Your assignment -> Give the records back exactly as written, but without the images.
※
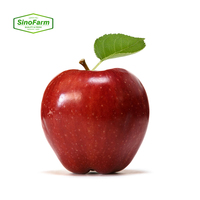 Apple merah segar kelas atas harga bagus Apple merah paling populer buah apel merah segar apel lezat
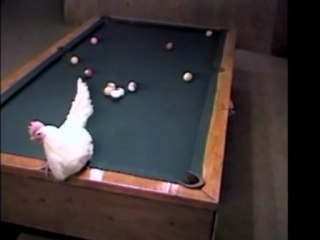Chicken Playing Pool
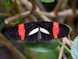 heliconius erato thumbnail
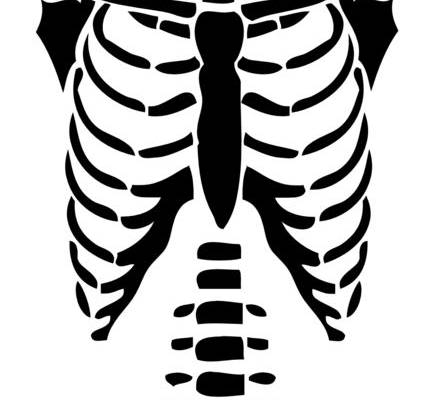 Ribcage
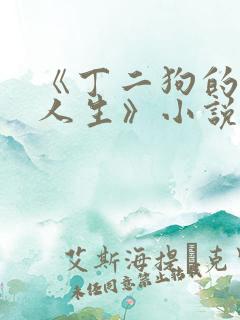 《丁二狗的逍遥人生》小说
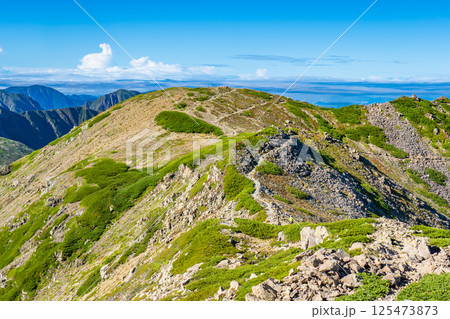 荒川中岳から見る荒川前岳　南アルプス　悪沢岳と荒川岳登山 125473873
※
Response below ->
 Apple merah segar kelas atas harga bagus Apple merah paling populer buah apel merah segar apel lezat
Chicken Playing Pool
 heliconius erato thumbnail
 Ribcage
 《丁二狗的逍遥人生》小说
 荒川中岳から見る荒川前岳　南アルプス　悪沢岳と荒川岳登山 125473873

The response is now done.